An angle between the plane, $$x + y + z = 5$$ and the line of intersection of the planes, $$3x + 4y + z - 1 = 0$$ and $$5x + 8y + 2z + 14 = 0$$, is:

We are asked to find the acute angle between the plane

$$x + y + z = 5$$

and the line which is obtained as the intersection of the two planes

$$3x + 4y + z - 1 = 0 \quad\text{and}\quad 5x + 8y + 2z + 14 = 0.$$

For any plane, the vector perpendicular to it is called its normal. So we first list the normals of the three planes involved:

For $$x + y + z - 5 = 0,$$ the normal vector is $$\mathbf{n}_0 = (1,\,1,\,1).$$

For $$3x + 4y + z - 1 = 0,$$ the normal vector is $$\mathbf{n}_1 = (3,\,4,\,1).$$

For $$5x + 8y + 2z + 14 = 0,$$ the normal vector is $$\mathbf{n}_2 = (5,\,8,\,2).$$

Now, the required line is the intersection of the second and third planes. A direction vector of this line is perpendicular to both $$\mathbf{n}_1$$ and $$\mathbf{n}_2$$. Such a vector is given by their cross-product:

$$\mathbf{d} \;=\; \mathbf{n}_1 \times \mathbf{n}_2.$$

We compute the cross-product term by term:

$$ \mathbf{d} = \begin{vmatrix} \mathbf{i} & \mathbf{j} & \mathbf{k} \\ 3 & 4 & 1 \\ 5 & 8 & 2 \end{vmatrix} = \mathbf{i}(4\cdot2 - 1\cdot8)\;-\;\mathbf{j}(3\cdot2 - 1\cdot5)\;+\;\mathbf{k}(3\cdot8 - 4\cdot5). $$

Simplifying each component:

$$ \mathbf{i}(8 - 8) = \mathbf{i}\,0, \qquad -\mathbf{j}(6 - 5) = -\mathbf{j}\,1, \qquad \mathbf{k}(24 - 20) = \mathbf{k}\,4. $$

So

$$\mathbf{d} = (0,\,-1,\,4).$$

Next we find the angle between the line having direction $$\mathbf{d}$$ and the plane

First recall the relation connecting the angle between a line and a plane with the angle between the line and the plane’s normal.
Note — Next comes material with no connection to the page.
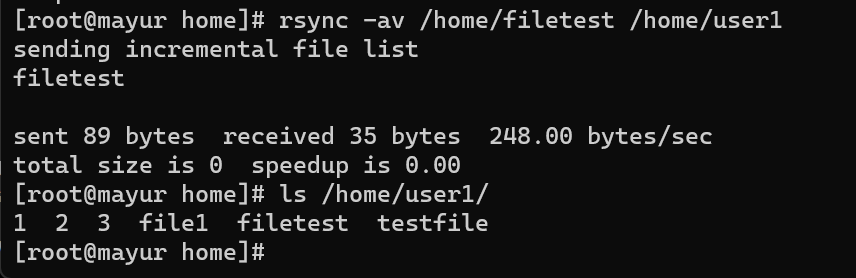 Copy Using rsync Command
If $$\phi$$ is the angle between the direction vector of the line and the normal vector of the plane, then

$$\theta = 90^\circ - \phi,$$

which implies

$$\sin\theta = \cos\phi.$$

And we know the cosine of $$\phi$$ from the scalar (dot) product formula:

$$\cos\phi = \frac{|\mathbf{d}\cdot\mathbf{n}_0|}{\|\mathbf{d}\|\,\|\mathbf{n}_0\|}.$$

Therefore directly,

$$\sin\theta = \frac{|\mathbf{d}\cdot\mathbf{n}_0|}{\|\mathbf{d}\|\,\|\mathbf{n}_0\|}.$$

We now evaluate each quantity in this expression.

Dot product.

$$\mathbf{d}\cdot\mathbf{n}_0 = (0)(1) + (-1)(1) + (4)(1) = -1 + 4 = 3.$$

Taking absolute value gives $$|\mathbf{d}\cdot\mathbf{n}_0| = 3.$$

Magnitude of $$\mathbf{d}$$.

$$\|\mathbf{d}\| = \sqrt{\,0^{2} + (-1)^{2} + 4^{2}\,} = \sqrt{0 + 1 + 16} = \sqrt{17}.$$

Magnitude of $$\mathbf{n}_0$$.

$$\|\mathbf{n}_0\| = \sqrt{\,1^{2} + 1^{2} + 1^{2}\,} = \sqrt{3}.$$

Substituting these three numerical values into the formula for $$\sin\theta$$ we get

$$ \sin\theta = \dfrac{3}{\sqrt{17}\,\sqrt{3}} = \dfrac{3}{\sqrt{51}}. $$

Notice that $$\sqrt{51} = \sqrt{17}\sqrt{3},$$ so we can cancel one factor of $$\sqrt{3}$$ in the numerator and denominator:

$$ \dfrac{3}{\sqrt{17}\,\sqrt{3}} = \dfrac{\sqrt{3}\,\sqrt{3}}{\sqrt{17}\,\sqrt{3}} = \dfrac{\sqrt{3}}{\sqrt{17}} = \sqrt{\frac{3}{17}}. $$

Thus we have obtained

$$\sin\theta = \sqrt{\frac{3}{17}}.$$

Taking the inverse sine (principal value) gives

$$\theta = \sin^{-1}\!\left(\sqrt{\frac{3}{17}}\right).$$

This matches Option D.

Hence, the correct answer is Option D.